No music now, no recorded messages. Just the hushed voices of agents hiding in the trees. He found them spread out along the edge of the no-man’s-land, crouching behind tall, folding bulletproof shields set up like bedroom screens people dress behind. Banish was peering over one, looking through the shredded tree cover across thirty short yards to the cabin.
A robot, maybe three feet in height, a six-tractor-wheel base supporting a raised metal spine and a long, jointed mechanical arm, was wandering through the trees toward the phone. A remote console was set on the ground next to Banish, operated by a pale-looking agent with a dark crew cut. A monitor showed the machine’s camera-eye view.
“The fuck is this?” Fagin said, though he knew full well. He was a practical man with a natural aversion to technology.
Banish did not answer.
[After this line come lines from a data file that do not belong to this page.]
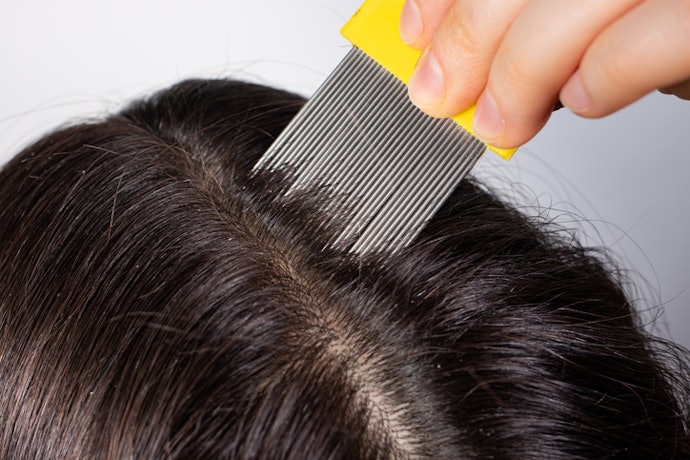 Pair Shampoos, Lotions, and Fine-Tooth Combs for Complete Lice Removal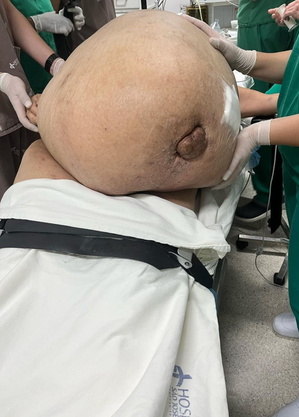 Morre mulher que teve tumor de 46kg retirado em cirurgia de emergência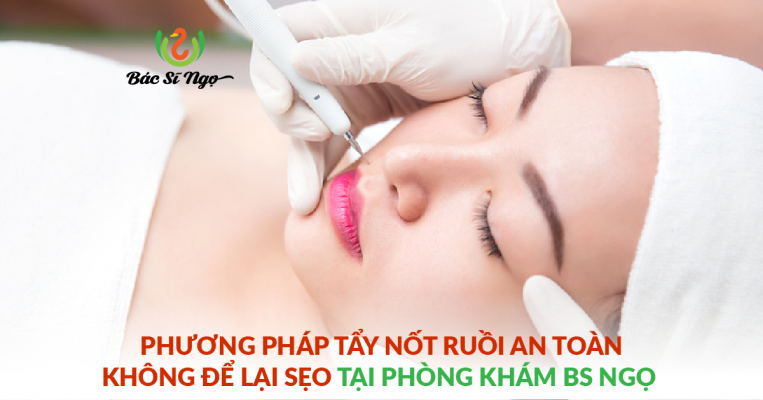 phương pháp tẩy nốt ruồi an toàn
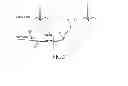 Fig. 06 - Methods, systems and devices for detecting atrial fibrillation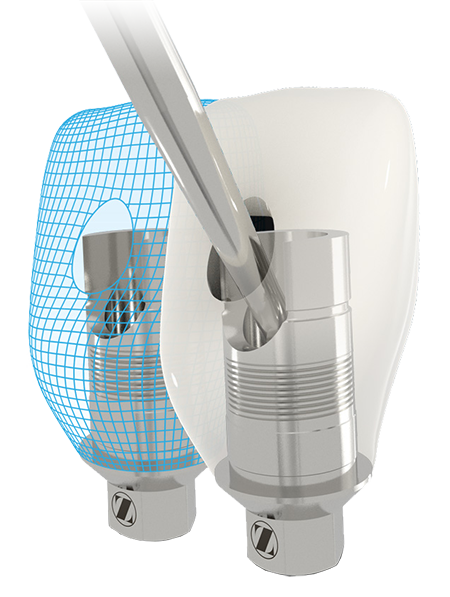 ZimVie Dental Certain TSV Bellatek Flex Express Abutment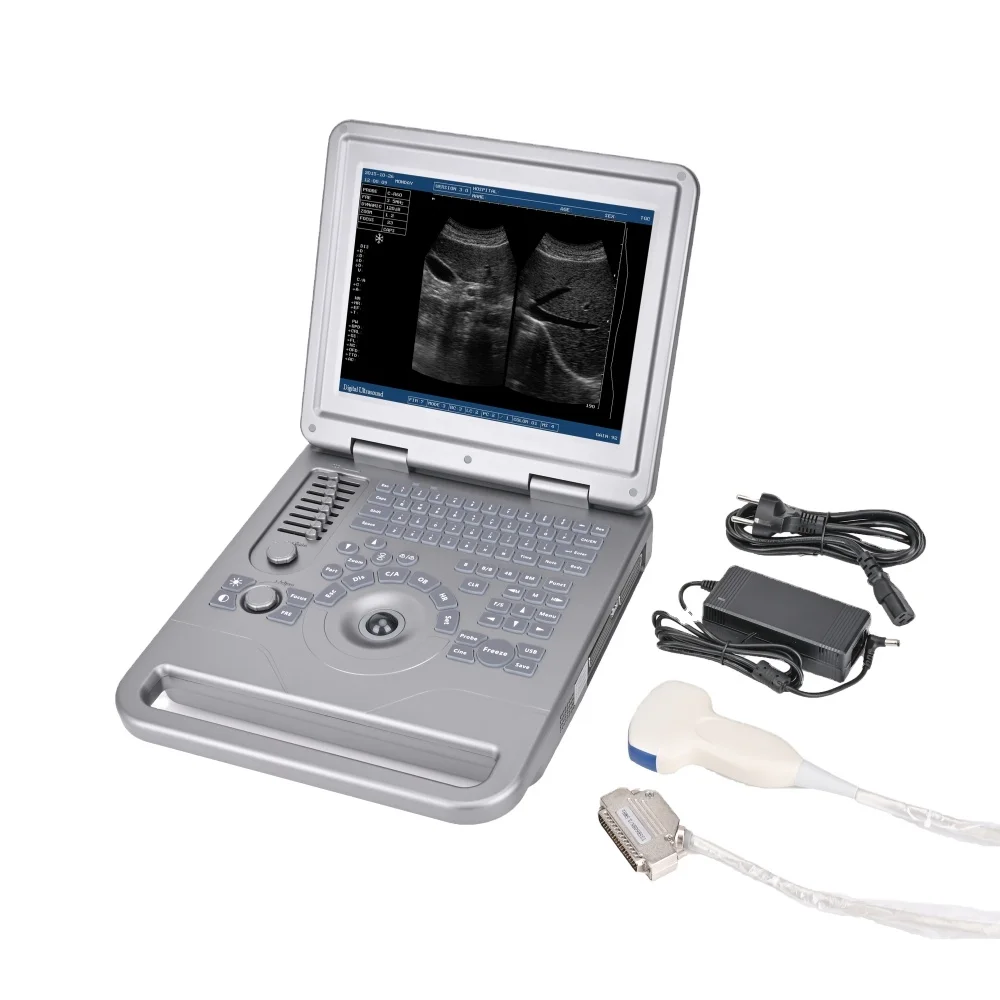 Veterinary Portable Black‑White Ultrasound Scanner, Laptop‑Type B‑Machine for Animal Clinic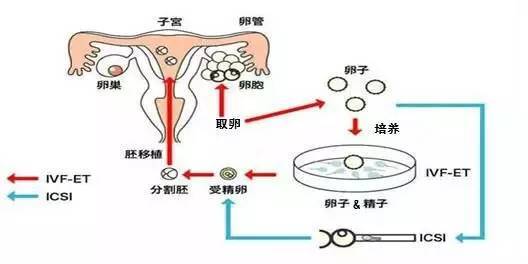 黑河捐卵费用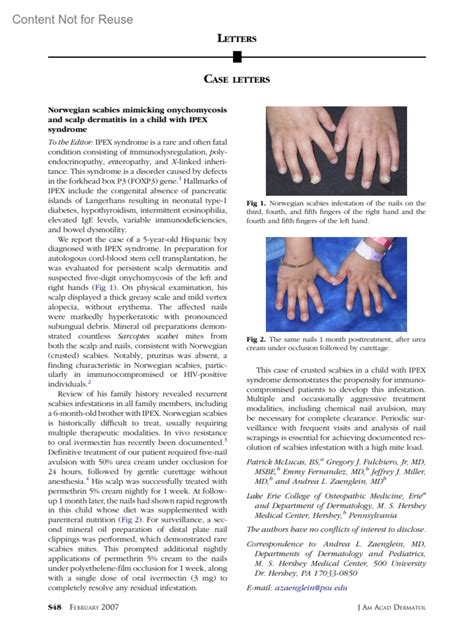 Norwegian scabies mimicking onychomycosis and... : Journal of the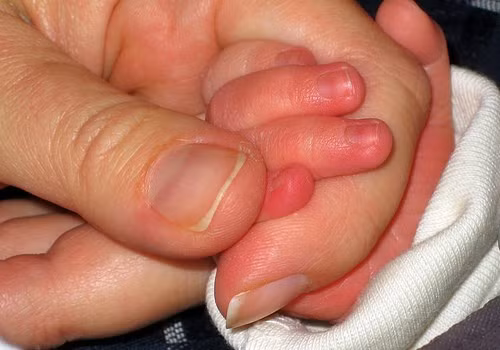 Bệnh chân tay miệng cũng là căn bệnh dịch dễ lây lan trong mùa hè. Bệnh này có thể tự khỏi tuy nhiên nó cũng có những biến chứng vô cùng nguy hiểm. Trẻ bị biến chứng khi mắc chân tay miệng thường diễn biến xấu rất nhanh và có nguy cơ tử vong cao. Ảnh: Kiến thức Việt.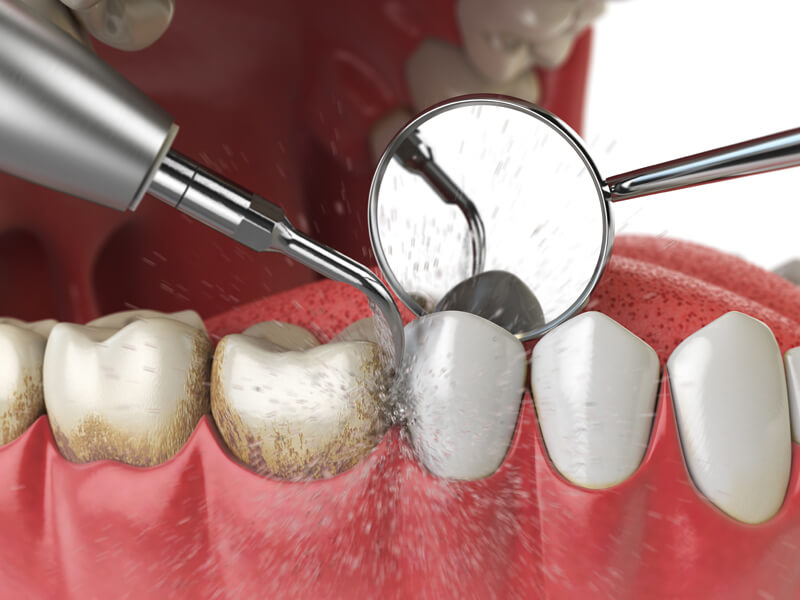 Teeth Scaling | bb.whwalumina.com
He wanted to know what had happened down below.
“We took away some guns and rifles, then stumbled onto something big. A cache of plastic explosives and egg cartons of hand grenades, souvenirs from the jungle.”
Banish turned. “Veterans?”
“A counteroffensive. They were planning on taking out our microwave communications equipment. They see another brother being screwed by the government all over again. We were very fucking lucky this time, practically falling over them. Sixteen total arrests. But it raises a major concern.”
“Post guards around the generators,” Banish said. “If an attack comes, it will come there first.”
Fagin nodded. “Already done.”
It was too crowded behind the shield, so Fagin stepped out into the open and looked on with arms crossed. Severed tree limbs lay dead on the ground, the woods ripped apart, trunk bark scarred with ivory and greenish-white wood showing through. That had been a serious demonstration of artillery.
The robot had the phone case handle in its claw now and was grinding toward the cabin. Two containers were strapped to its base. “He’s getting everything he wanted?” Fagin said.